» **Exercise directions**
Starting at the line with "Image Section Feature", return every line through the final one of the data, word for word. Pictures stay out.
::::::
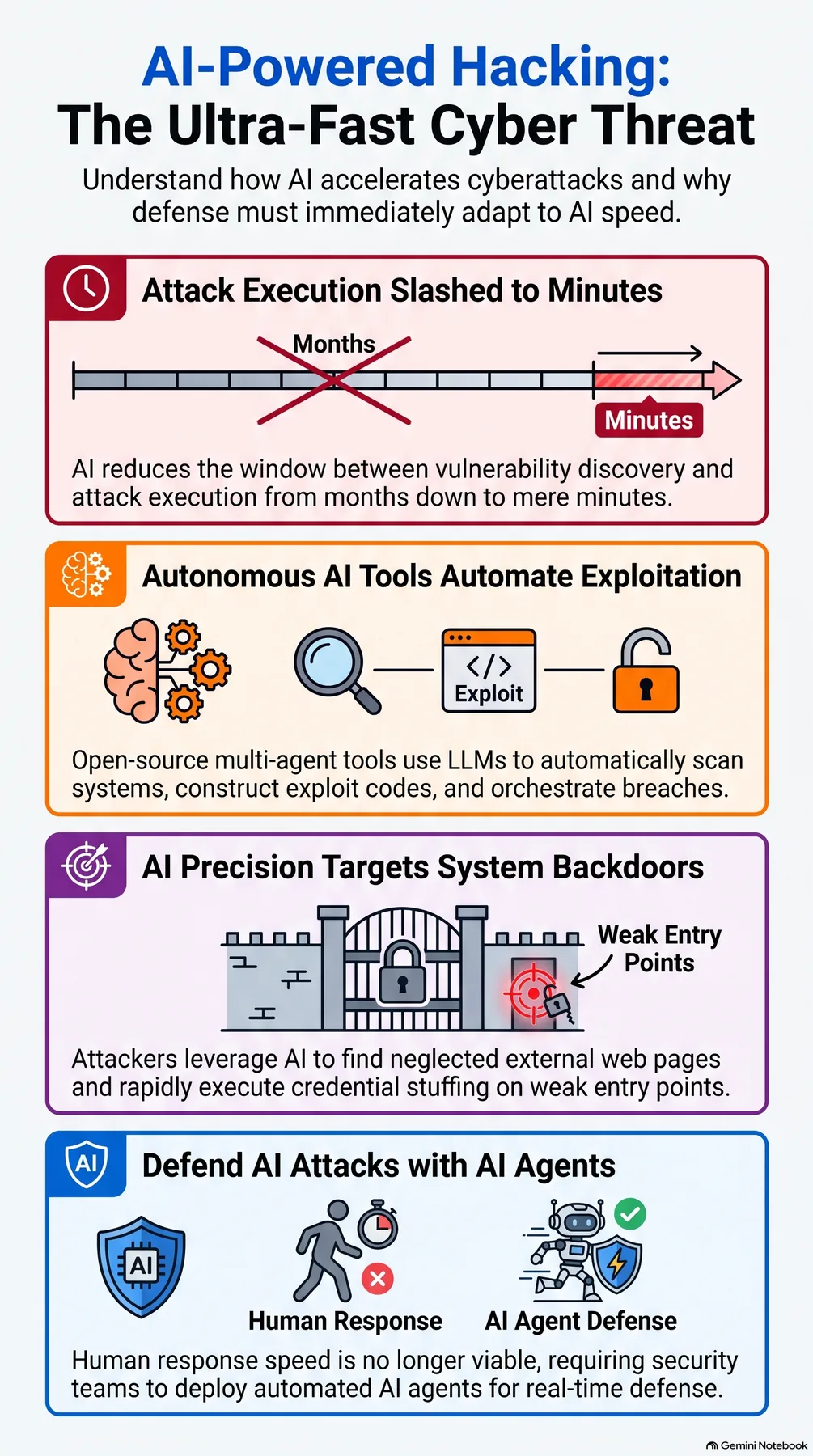 Key-concept summary infographic 2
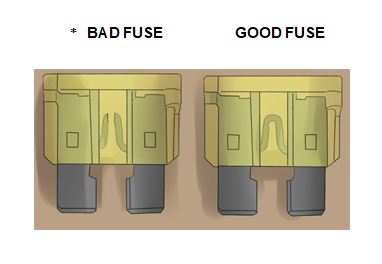 Checking_a_fuse.JPG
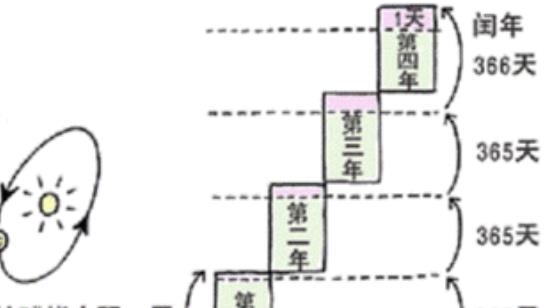 世界最早采用閏年的囯家 公元前六世紀(jì)中國(guó)就開(kāi)始采用閏年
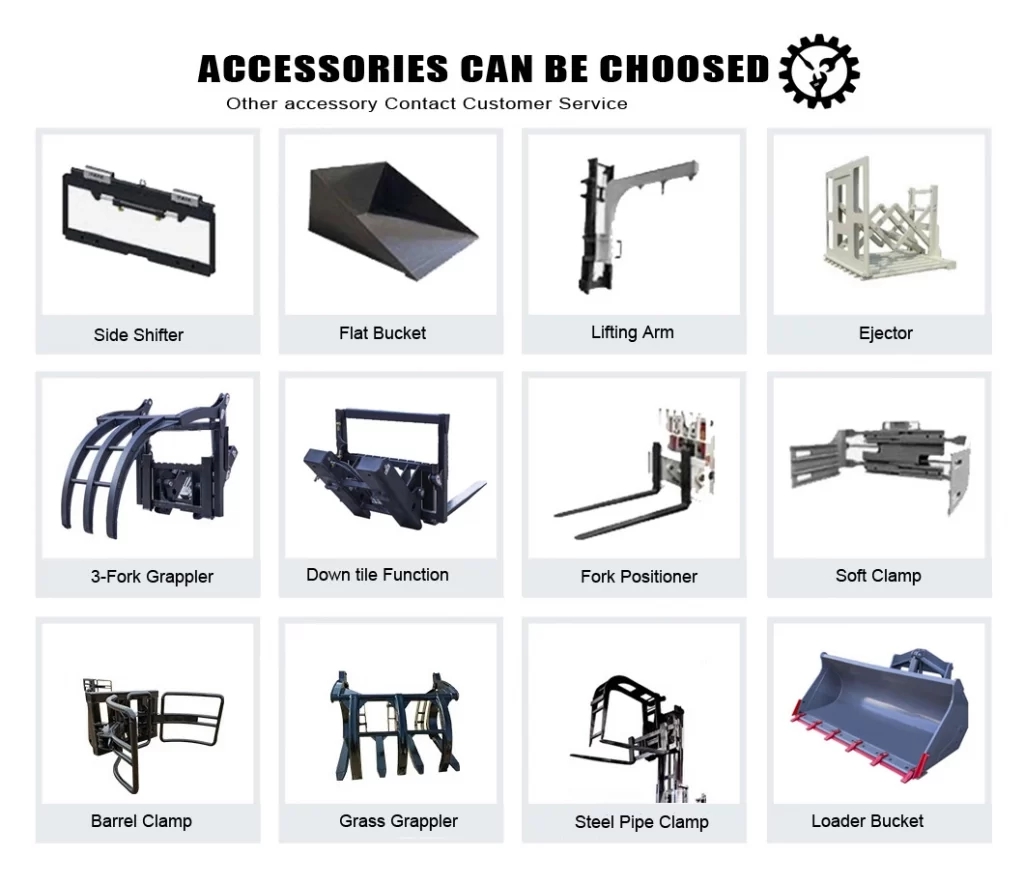 Introduction to Off Road Forklift-5 (1).jpg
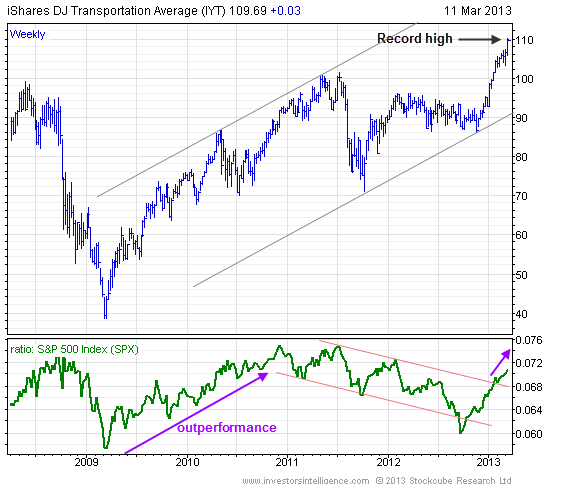 Amundi Dow Jones Industrial Average UCITS ETF: A Guide To Net Asset Value (NAV) Amundi Dow Jones Industrial Average UCITS ETF: A Guide To Net Asset Value (NAV)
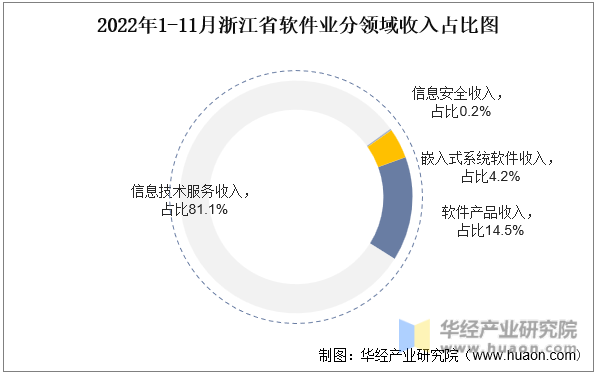 2022年1-11月浙江省软件业分领域收入占比图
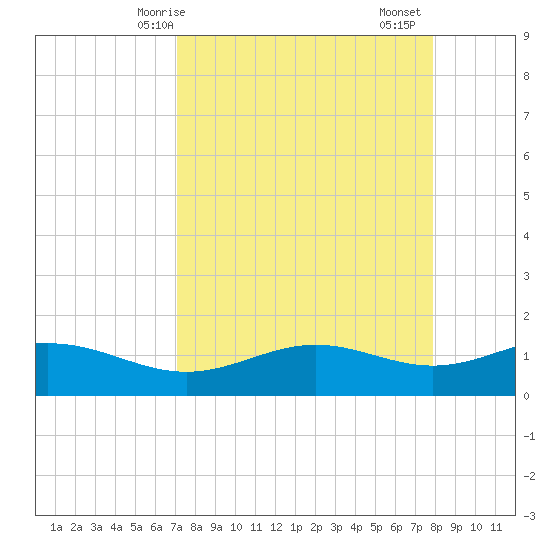 Brazos Santiago Pass tide chart for Tuesday, April 14, 2026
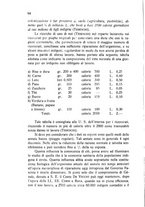giornale/RML0030840/1934/unico/00000104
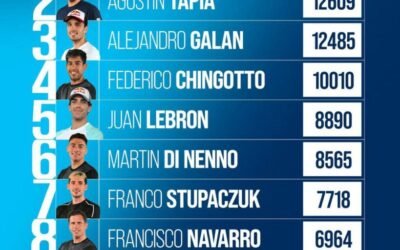 La actualización del ranking FIP dejó una sola variante dentro del top 10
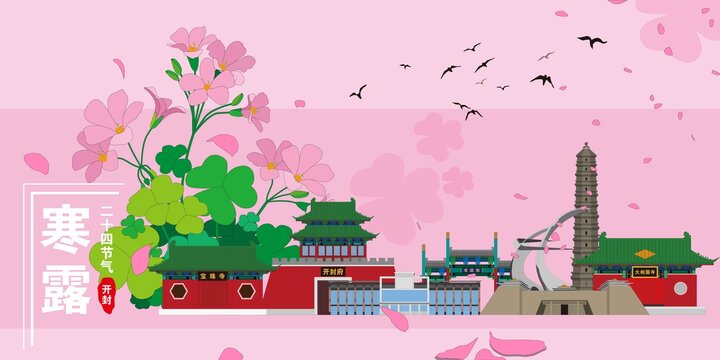 開封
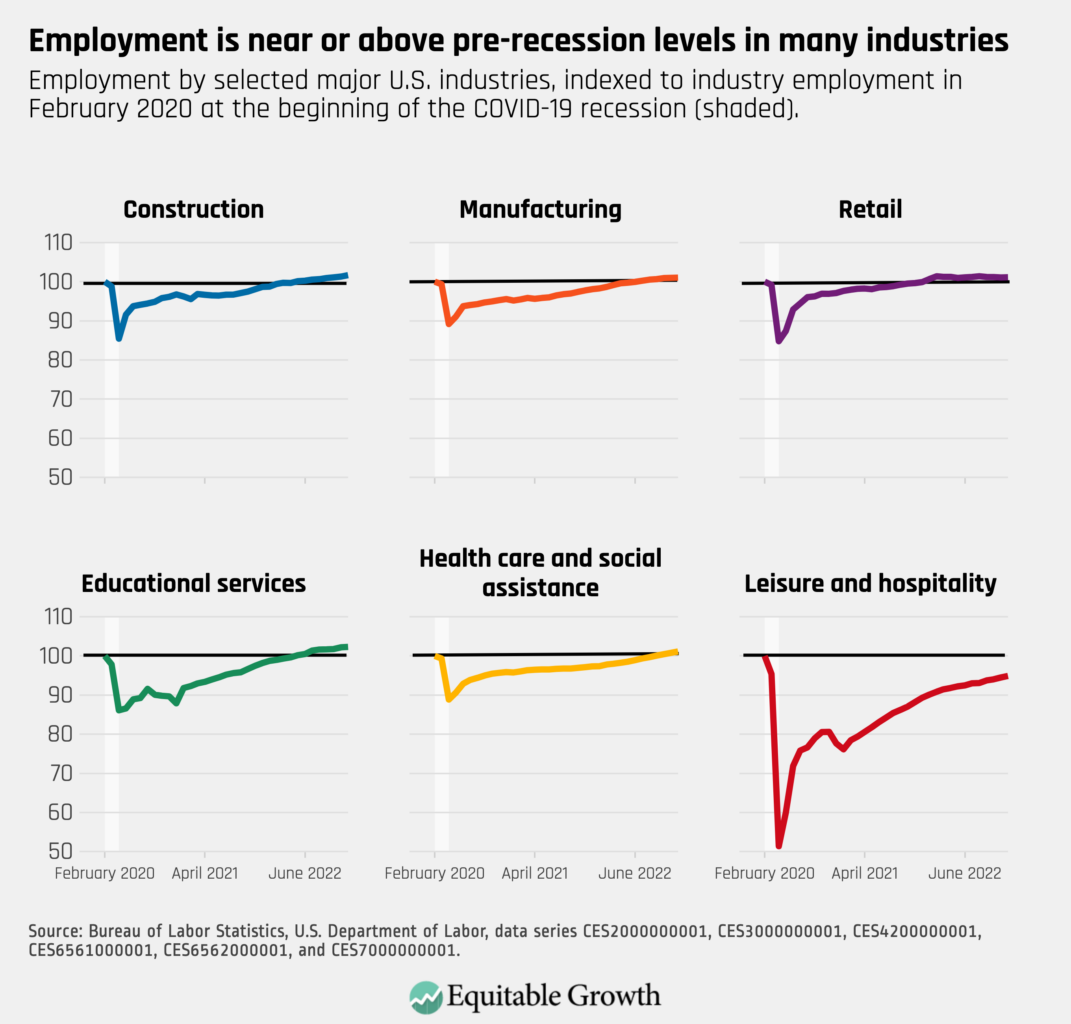 Employment by selected major U.S. industries, indexed to industry employment in February 2020 at the beginning of the COVID-19 recession (shaded).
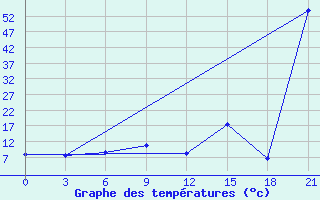 Courbe de tempratures pour Kukes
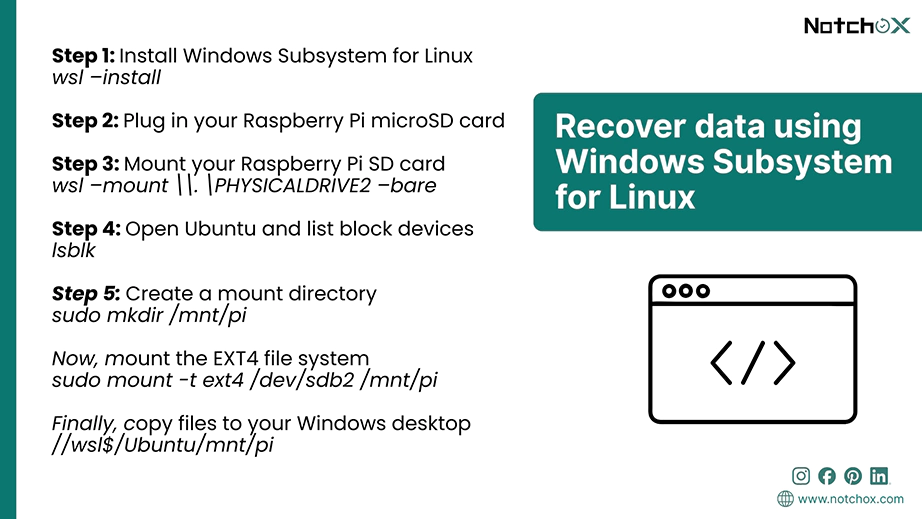 Recover data using Windows Subsystem for Linuxx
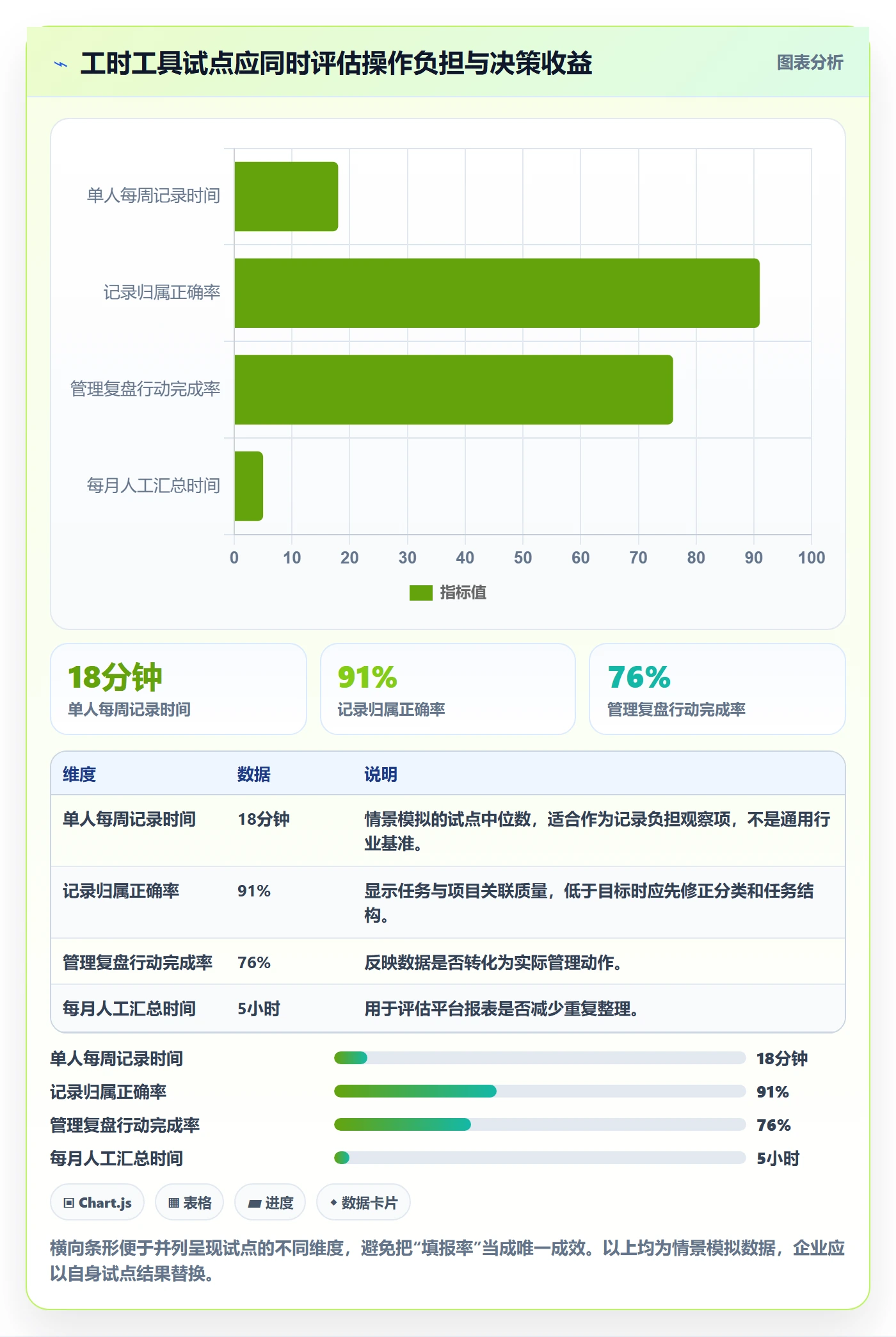 工时管理方法大全：管理层工时管理制度设计落地清单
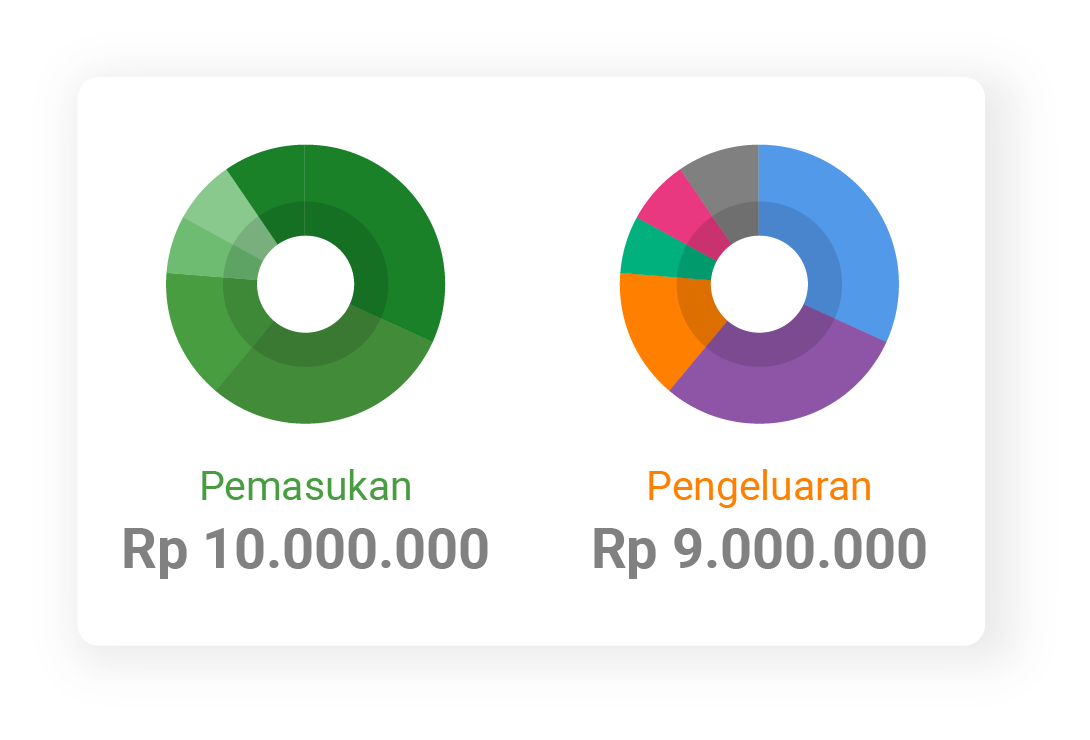 Image Section Feature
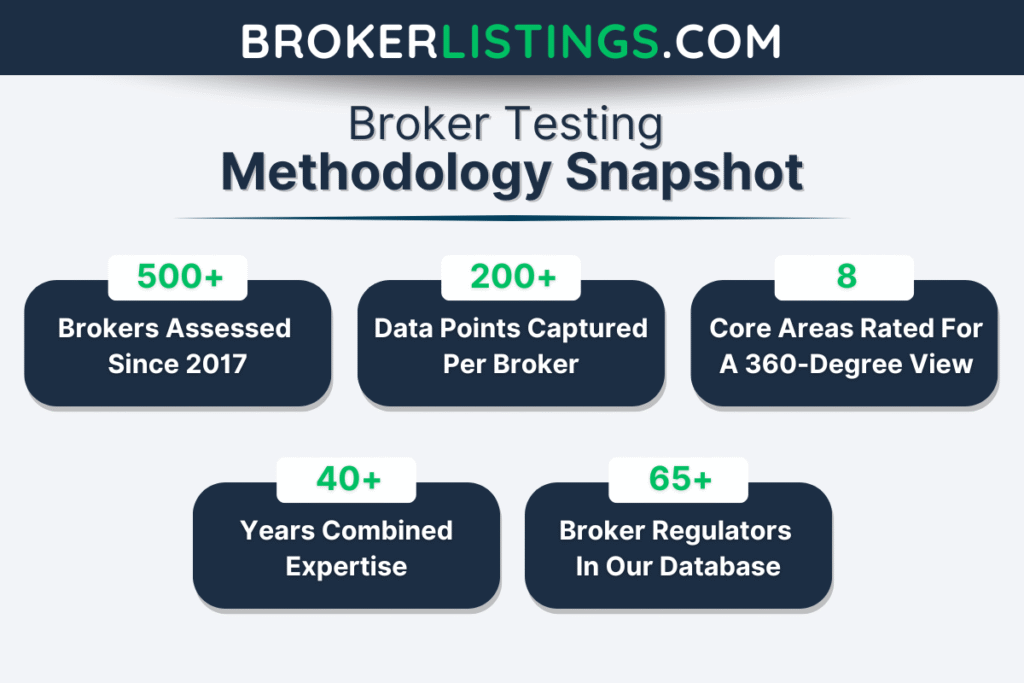 BrokerListings.com Broker Testing Methodology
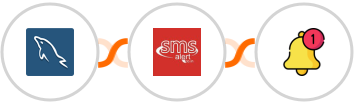 MySQL + SMS Alert + Push by Techulus Integration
::::::
» **The answer**
 Image Section Feature
 BrokerListings.com Broker Testing Methodology
 MySQL + SMS Alert + Push by Techulus Integration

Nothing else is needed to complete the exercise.